Fadzayi Maposah
Correspondent
There is nothing like a good meal. Add good company then it is wonderful.
Add good news, it can only be awesome!
When I was invited by my associate`s family to dinner it opened my mind and gave me many take away lessons. I am eager to learn. I have set up myself to learn at least one new thing every day.
Some days are better than others, I get to learn more than one thing.
After dinner, the parents and I went into the lounge where old school music was playing and taking me down memory lane! The parents are slightly younger than me so we can relate to some music that was popular when we were growing up.
The children were clearing the dining room table and washing up the dishes in the kitchen. All the children were involved, with the oldest leading the tasks.
That is a take away lesson, in case you had not picked it up yet. It is important for male and female children to learn age appropriate tasks and the value of work.
Life skills can basically be summarised through four Hs, hand, heart, head and health.
Each H is important and should be looked at in developing a rounded child who at some point will leave the home and go into the world.
I am always amazed that there are adults who cannot cook properly or seem not to be bothered about setting time aside to prepare a meal.
It is sad actually. On the other hand, there are 10 year olds who in a short space of time can serve a simple but delicious meal.
While I was relaxing with the parents the children could be heard chatting, laughing as they did the dishes in the kitchen.
I was curious…I am sure from these articles you have realised that I have a curious streak in me and age is not taming this streak, it could actually be getting worse as I get older!

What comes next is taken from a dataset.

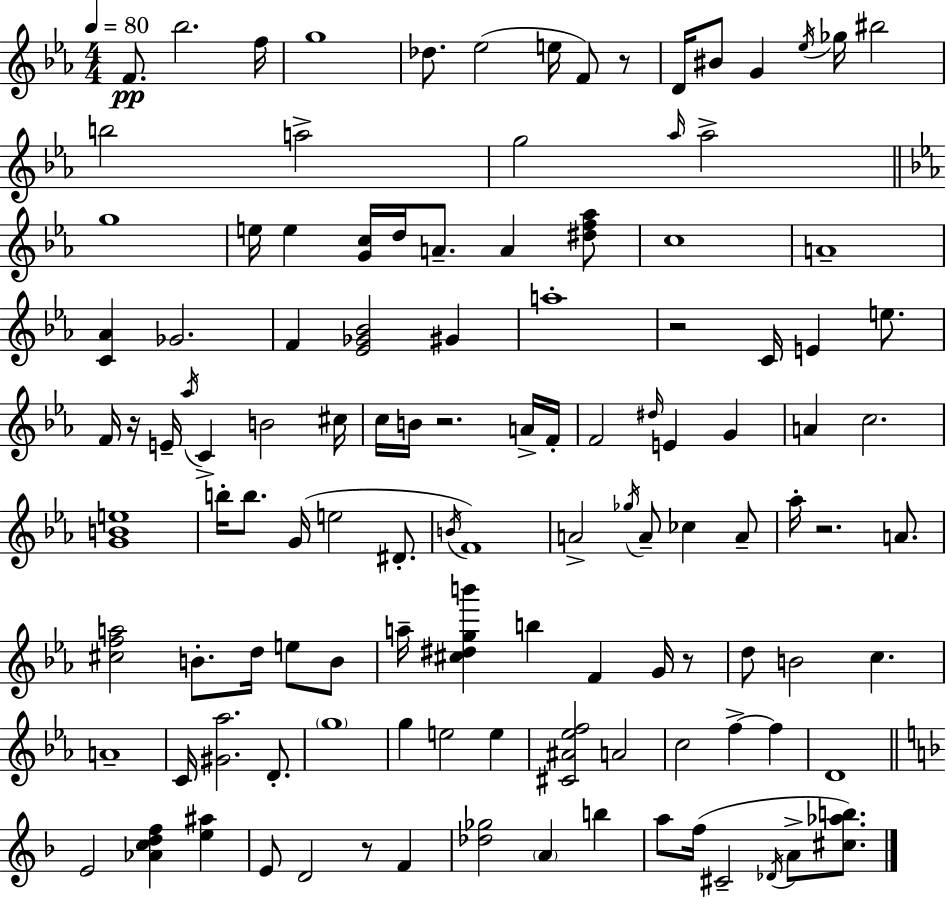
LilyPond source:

I started by thanking the family for inviting me to dinner and making me part of their inner circle where they had shared the great milestone that their oldest daughter had achieved. I was really honoured, I told them.
I expressed that I was especially touched by how the father Chihwa (the wild cat totem) was in the lead of celebrating how his daughter had graduated to womanhood.
Chihwa simply smiled and nodded acknowledgement dismissing it all as just looking out for his girls.
I confessed that I was curious, why? I shared that my father WaMambo had been always supportive in all areas of my life and the lives of my siblings from when we were small children and even as adults.
He always did his best. I wanted to know why Chihwa was so excited about his eldest daughter graduating to womanhood.
I have always noted how one`s totem relates to their character. The Chihwas basically are like the cat, they prowl gently and they are not in a rush in their “superior” walk, even as they talk!
Taking off his bow tie and handing it over to his wife, he smiled before telling me why.
“Aunty Faa, I want to be the best father that my children can ever have or even wish for. I am not perfect, but I promise to do my very best. I want to support them in all areas of their life so that when I die, my children will be able to say that their father did his best,” he said before pausing.
Chihwa shared that it was when he was helping his son with homework that he just flipped through the text book and realised that the human reproductive system was in the Grade Five textbook. While the son was writing his homework, Chihwa was busy reading the primary school textbook.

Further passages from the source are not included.